[ABOUT THIS TASK]: The answer must give back every line of the data exactly, with no pictures.

[DATA PROVIDED]:
┌──
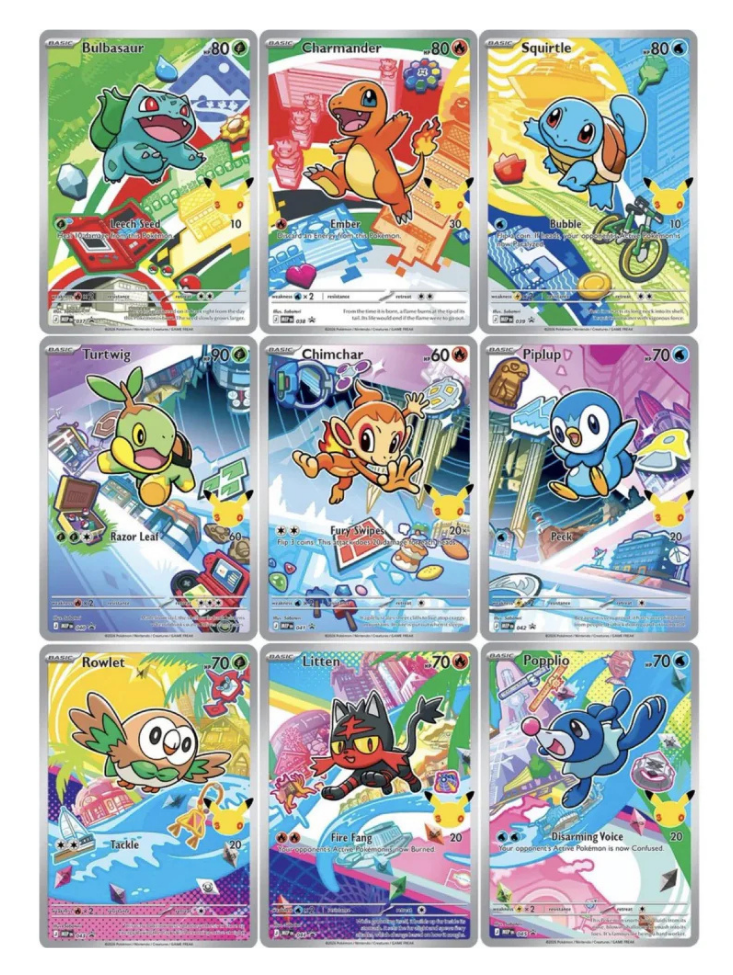 First Partner Illustration Series 1 Complete Set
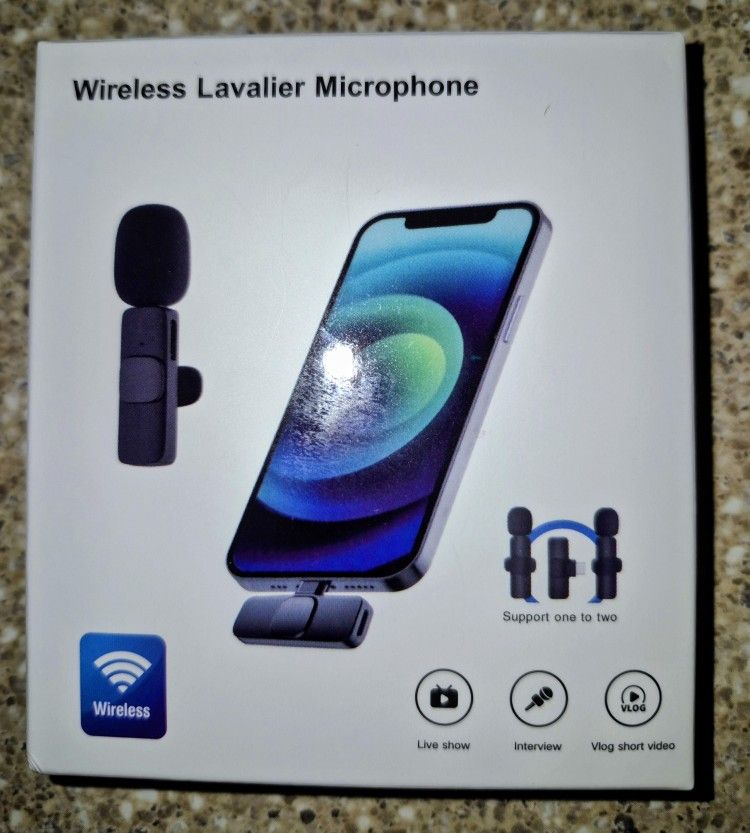 Wireless Lavalier Microphone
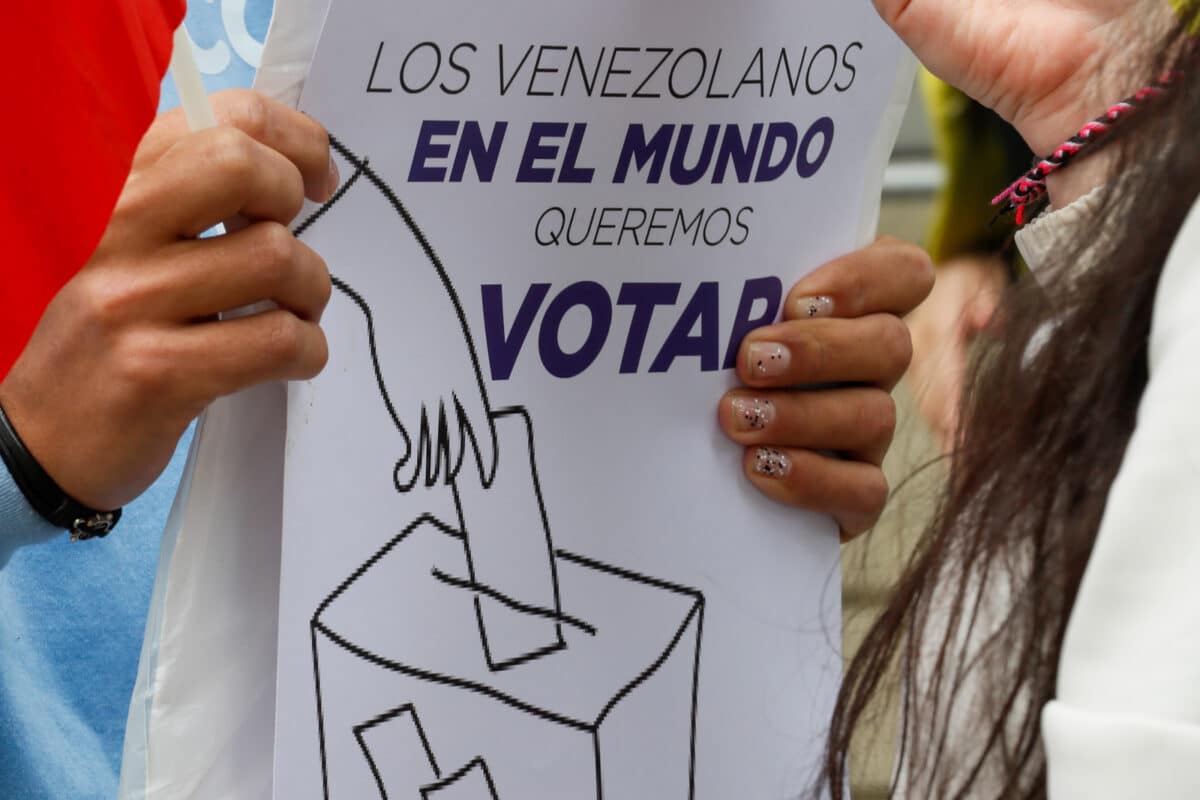 Venezolanos en el exterior denunciaron irregularidades en el proceso del Registro Electoral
└──
[ANSWER TO THE PROBLEM]:
 First Partner Illustration Series 1 Complete Set
 Wireless Lavalier Microphone
 Venezolanos en el exterior denunciaron irregularidades en el proceso del Registro Electoral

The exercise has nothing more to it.